We end this section by showing how a likelihood ratio test can be inverted to find a confidence interval.
Likelihood ratio test for a single parameter, \(\theta\)
Consider a likelihood ratio test for the hypotheses
A likelihood ratio test is based on the log-likelihood when the null hypothesis holds, \(\ell(\theta_0)\), and its maximum possible value under the alternative hypothesis, \(\ell(\hat{\theta})\), where \(\hat{\theta}\) is the maximum likelihood estimate of \(\theta\).
For a hypothesis test with 5% significance level, we reject the null hypothesis if
\[ 2\left(\ell(\hat{\theta}) - \ell(\theta_0)\right) \;\;\gt\;\; K \]where the constant \(K\) is the 95th percentile of the \(\ChiSqrDistn(1 \text{ df})\) distribution. From Excel, we can find that \(K = 3.841\).
Inverting the likelihood ratio test
A 95% confidence interval for \(\theta\) can therefore be found as the values for which
\[ \begin{align} 2\left(\ell(\hat{\theta}) - \ell(\theta_0)\right) \;\;&\le\;\; 3.841 \\[0.4em] \ell(\theta_0)\;\;&\gt\;\; \ell(\hat{\theta}) - \frac{3.841}{2} \\[0.5em] \ell(\theta_0)\;\;&\gt\;\; \ell(\hat{\theta}) - 1.921 \end{align} \]The confidence interval is therefore the values of \(\theta\) for which the log-likelihood is within 1.921 of its maximum.
Example
Clinical records give the survival time in months from diagnosis of 30 sufferers from a certain disease as
9.73 5.56 4.28 4.87 |
1.55 6.20 1.08 7.17 |
28.65 6.10 16.16 9.92 |
2.40 6.19 7.67 1.11 |
4.66 4.35 7.31 3.28 |
13.38 3.08 0.41 4.33 |
2.16 4.49 0.75 |
4.45 10.29 0.90 |
If the survival times are exponentially distributed with a death rate of \(\lambda\), find a 95% confidence interval for \(\lambda\).

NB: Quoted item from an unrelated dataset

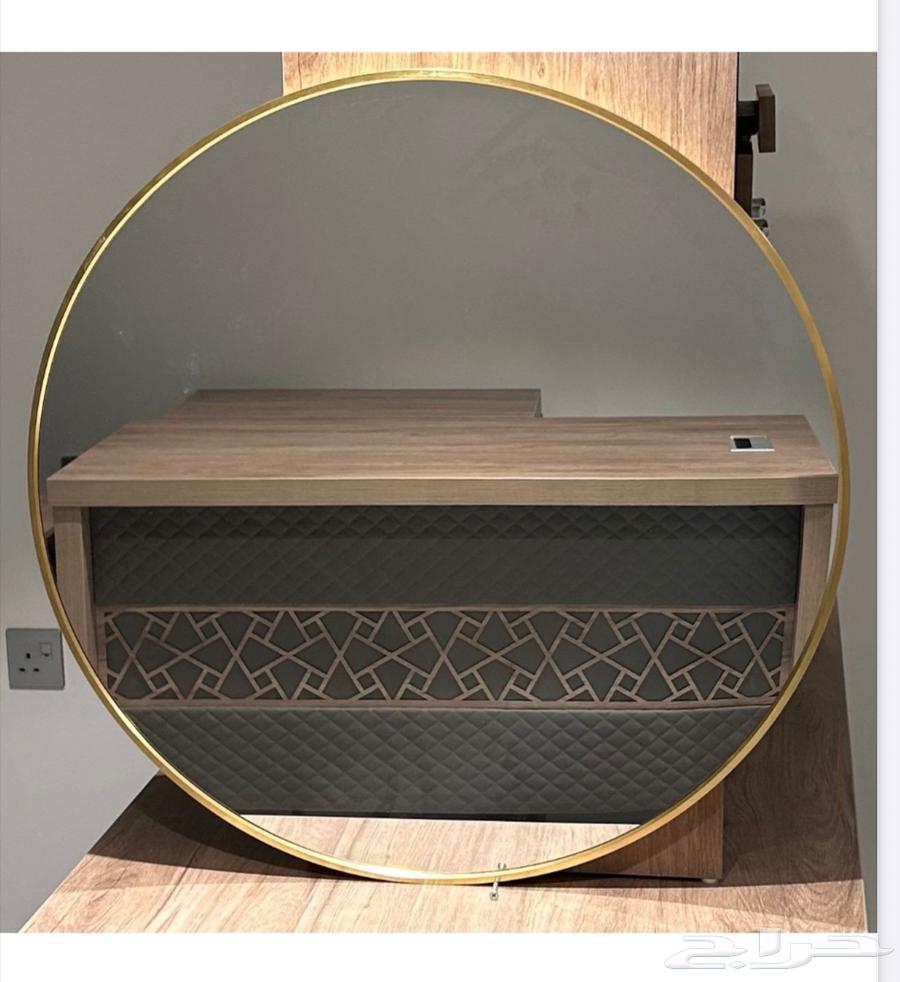 Mirror Details64500463261187114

The log-likelihood for exponentially distributed data is
\[ \ell(\lambda) \;\;=\;\; \sum_{i=1}^n \log f(x_i\;|\;\lambda) \;\;=\;\; n\log(\lambda) - \lambda \sum {x_i} \]and the maximum likelihood estimate of \(\lambda\) is
\[ \hat{\lambda} \;\;=\;\; \frac n{\sum {x_i}} \;\;=\;\; \frac {30} {182.48} \;\;=\;\; 0.1644\]The maximum possible value for the log-likelihood is therefore
\[ \ell(\hat{\lambda}) \;\;=\;\; 30\log(0.1644) - 0.1644 \times 182.48 \;\;=\;\; -84.16 \]A 95% confidence interval for \(\lambda\) therefore consists of values \(\lambda_0\) such that
\[ \ell(\lambda_0)\;\;\gt\;\; \ell(\hat{\lambda}) - 1.921 \;\;=\;\; -86.084 \\[0.4em] 30\times \log \lambda_0 - 182.48 \times \lambda_0 \;\;\gt\;\; -86.084 \]By trial-and-error, this can be evaluated to be
\[ 0.1124 \;\;\lt\;\; \lambda \;\;\lt\;\; 0.2304 \]Illustration of the procedure
The diagram below illustrates the procedure.
Firstly consider testing the null hypothesis that \(\lambda = 0.200\). The lower half of the diagram shows the corresponding \(\ExponDistn(\lambda=0.2)\) distribution's pdf. The corresponding log-likelihood is 0.616 below the maximum possible for an exponential model, resulting in a p-value of 0.2671, so we would accept that \(\lambda = 0.200\) at the 5% significance level. The parameter value \(\lambda = 0.200\) is therefore also in a 95% confidence interval for \(\lambda\).
Use the slider to perform the likelihood ratio test for other values of \(\lambda\). Observe that the p-value is greater than 0.05 when
\[ 0.1124 \;\;\lt\;\; \lambda \;\;\lt\;\; 0.2304 \]so this is a 95% confidence interval for \(\lambda\).
Observe that this also corresponds to parameter values for which the log-likelihood is within 1.921 of its maximum possible value.